NRSTP works set foundation for our future

Cr Kirkland, Gladys Woods, Barry O'Rourke, Mayor Williams - NRSTP Sod Turning.jpg

Foundations are being laid for the expansion of the North Rockhampton Sewage Treatment Plant (NRSTP), an essential project that will cater for our region’s growth.

Earthworks and foundations for a new process train are made possible through $6.46 million in Works for Queensland funding.

Rockhampton Region Mayor Tony Williams said these works are part of a $75 million augmentation and renewal project that is critical for our community.

“This is truly generational infrastructure,” Mayor Williams said.

“The NRSTP is already one of the most essential facilities in our region, providing sewage treatment for more than half our population each day.

“The expanded NRSTP will mean that 25,000 more people can call Rockhampton home. It’s one of the most critical projects for our future.

“This is very expensive infrastructure, and we need as much help as we can from other levels of government to deliver it, however there aren’t dedicated funding programs for this kind of work.
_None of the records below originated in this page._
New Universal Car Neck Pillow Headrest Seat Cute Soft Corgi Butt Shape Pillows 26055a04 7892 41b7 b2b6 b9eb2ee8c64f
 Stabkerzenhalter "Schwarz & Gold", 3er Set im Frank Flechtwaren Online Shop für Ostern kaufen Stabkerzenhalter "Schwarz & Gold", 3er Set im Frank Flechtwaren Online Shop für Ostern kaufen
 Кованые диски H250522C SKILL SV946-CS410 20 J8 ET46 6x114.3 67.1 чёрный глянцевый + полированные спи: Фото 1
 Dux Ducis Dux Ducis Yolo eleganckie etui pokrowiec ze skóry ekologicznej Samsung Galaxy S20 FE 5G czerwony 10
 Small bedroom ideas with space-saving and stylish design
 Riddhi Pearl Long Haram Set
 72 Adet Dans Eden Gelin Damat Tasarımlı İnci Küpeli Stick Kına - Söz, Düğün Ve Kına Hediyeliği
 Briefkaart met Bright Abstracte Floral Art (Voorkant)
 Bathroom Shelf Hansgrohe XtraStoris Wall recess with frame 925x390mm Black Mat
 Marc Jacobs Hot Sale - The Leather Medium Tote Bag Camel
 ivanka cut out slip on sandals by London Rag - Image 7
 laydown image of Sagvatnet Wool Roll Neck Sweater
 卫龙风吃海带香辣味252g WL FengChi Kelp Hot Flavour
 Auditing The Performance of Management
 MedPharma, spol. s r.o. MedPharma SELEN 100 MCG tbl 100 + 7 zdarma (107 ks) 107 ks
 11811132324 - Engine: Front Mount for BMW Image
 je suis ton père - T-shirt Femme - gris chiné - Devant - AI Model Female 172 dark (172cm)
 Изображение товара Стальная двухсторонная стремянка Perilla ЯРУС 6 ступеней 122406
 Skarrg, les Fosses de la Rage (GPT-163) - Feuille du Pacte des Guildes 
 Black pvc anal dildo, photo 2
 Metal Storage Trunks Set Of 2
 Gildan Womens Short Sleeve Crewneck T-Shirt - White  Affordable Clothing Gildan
“That’s one of the reasons the Works for Queensland program is so fantastic – it allows us to nominate the projects we know are most important for our community.

“This $6.46 million stage will help us set the foundations for a bigger facility and a bigger future.”

Water and Environmental Sustainability Councillor Donna Kirkland said the timing of this project is critical.

“The current two process trains are almost 40 years old and are in need of extensive renewal works so that we can continue servicing our current population,” Councillor Kirkland said.

“However, because our current infrastructure is approaching capacity, we’re not able to undertake these works until we have this additional process train.

“This funding from the Works for Queensland program will allow us to complete the foundation for that augmentation. Once the new train is up and running we’ll be able to renew our current infrastructure, ensuring improved quality of treated water being released to the Great Barrier Reef catchment.

“We’ll also set our community up for decades of growth.

“The entire renewal and augmentation project will create 83 full time jobs per year and contribute $150.86M to the Queensland economy during construction alone.

“It’s good for jobs, good for the reef, and good for the region.”

Member for Rockhampton Barry O’Rourke said the Queensland Government was proud to support the expansion of the North Rockhampton Sewage Treatment Plant with $6.46 million in Works for Queensland funding.

“The Works for Queensland program supports regional councils with job-creating infrastructure projects,” Mr O’Rourke said.

“This is an important first step for the sewage treatment works that will ensure the city keeps growing and supporting the infrastructure needs of existing and future communities.

“Through programs like this, Rockhampton Regional Council has been allocated $43,118,000 million to help deliver 42 community infrastructure projects.

“These projects have already supported or created 864 jobs, with more to come, which is a fantastic result for the local economy and for local families.”

This project is proudly funded by the Queensland Government’s Works for Queensland (W4Q) Program in association with Rockhampton Regional Council.

A contract has been awarded to Haslin Construction Pty Ltd. for the construction of the new process train and renewal of two existing process trains.